Former Qwest chief financial officer Robin Szeliga is not going to prison.
Szeliga, who the Associated Press called the highest-ranking executive from Qwest to plead guilty in the telecom company’s accounting scandal, was sentenced to two years’ probation, six months of home detention, and a $250,000 fine for insider trading.
In a tearful apology for an “error in judgment,” she told U.S. District Judge Walker Miller that she “strayed from the Lord’s guidance” and would accept whatever punishment she received, according to the wire service. “My life is forever changed by this mistake,” she said in what the AP described as a soft voice that trembled at times. “I have had to come to grips with my own failings and demons.”
Szeliga is expected to testify in the trial of former Qwest CEO Joseph Nacchio, who faces 42 counts of insider trading.
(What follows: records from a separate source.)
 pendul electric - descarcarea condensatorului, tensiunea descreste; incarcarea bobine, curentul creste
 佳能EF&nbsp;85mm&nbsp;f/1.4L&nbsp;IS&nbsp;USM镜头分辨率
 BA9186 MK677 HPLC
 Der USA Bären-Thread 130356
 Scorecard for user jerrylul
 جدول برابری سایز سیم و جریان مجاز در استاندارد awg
U.S. Attorney Bill Leone praised Szeliga’s cooperation for being “very substantial,” added the AP. Judge Miller also acknowledged the cooperation, asserting: “It is my practice to give careful consideration, considerable weight, to the parties’ agreement because they know considerably more about the case than I will ever know.”
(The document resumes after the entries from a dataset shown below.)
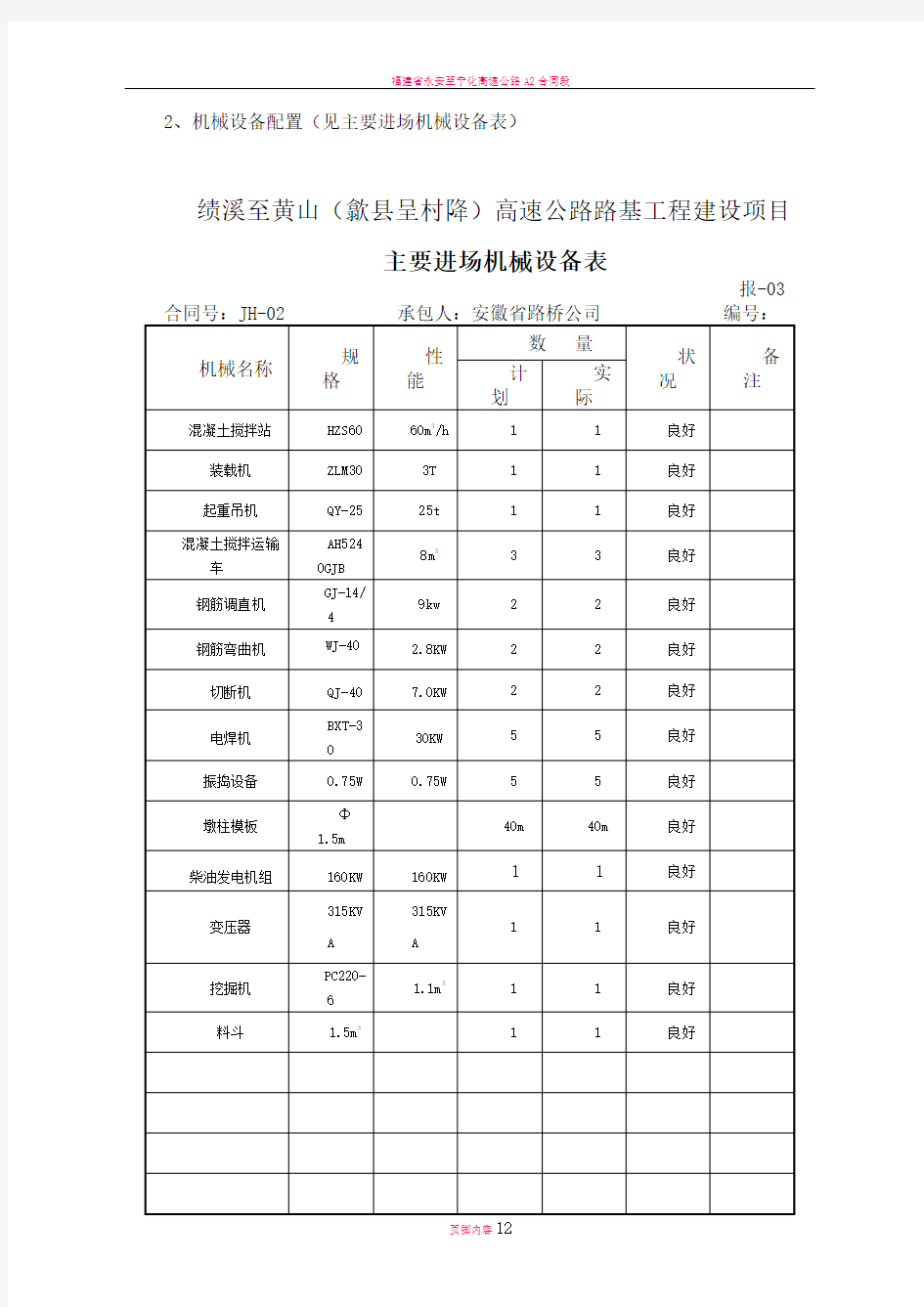 墩柱首件施工总结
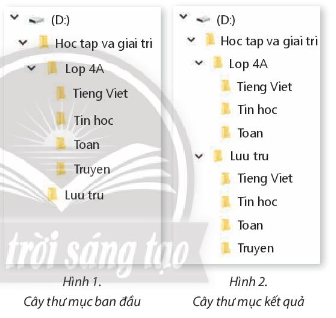  Ban đầu bạn Ngọc có cây thư mục trên máy tính như Hình 1. Sau khi thực hiện thao tác với cây thư mục này, bạn Ngọc có cây thư mục như ở Hình 2. Theo em, bạn Ngọc đã thực hiện những thao tác nào?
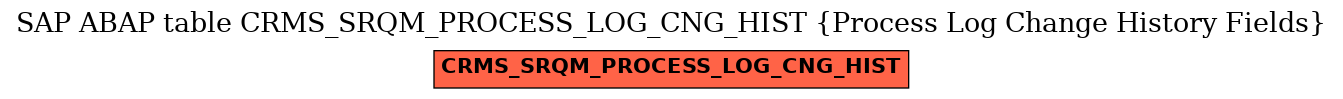 E-R Diagram for table CRMS_SRQM_PROCESS_LOG_CNG_HIST (Process Log Change History Fields)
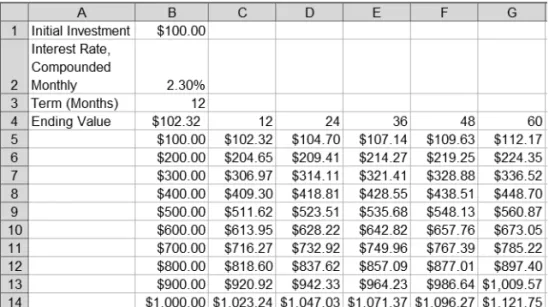 Figure 2-11. Completed two-variable data table to forecast savings account financial details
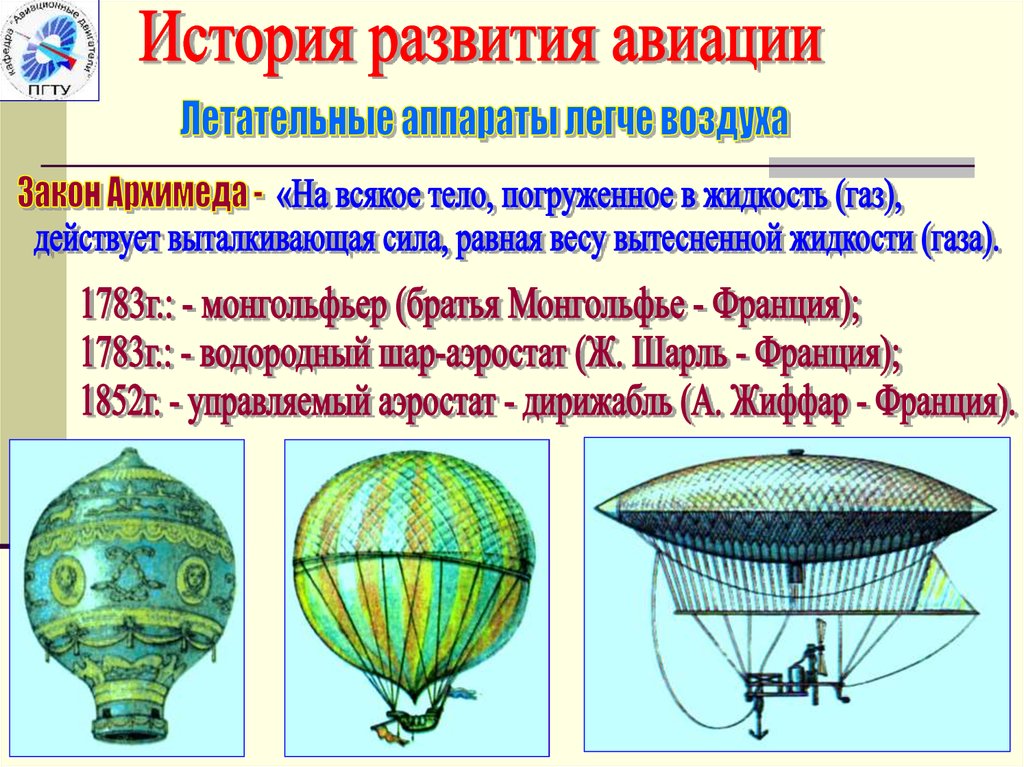 Воздушные формирования. История возникновения летательных аппаратов. История развития авиации. Презентация летательные аппараты. Первые летательные аппараты для детей.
But the judge did couch the praise, commenting: “I do not divorce this conduct from the overall illegality. There does seem to be a culture of — I would use the word — greed.” Szeliga faced a maximum penalty of 10 years in prison and a $1 million fine for the single insider-trading count. She agreed to pay $125,000 in restitution, which is equal to the sum she earned on the illegal stock trade, according to the report.
On April 30, 2001, Szeliga allegedly sold 10,000 shares of Qwest stock at $41 per share, obtaining gross proceeds of approximately $410,000, noted the Department of Justice. At the time, government prosecutors asserted that Szeliga “knew that the various Qwest business units were not going to meet revenue targets and expectations for the first and second quarters of 2001.”
The DoJ further alleged that Szeliga and others knew that Qwest was ultimately able to meet its announced 2001 first- and second-quarter earnings expectations only “through the significant use of non-recurring revenue sources,” which were used as publicly undisclosed “gap-fillers” to meet revenue targets.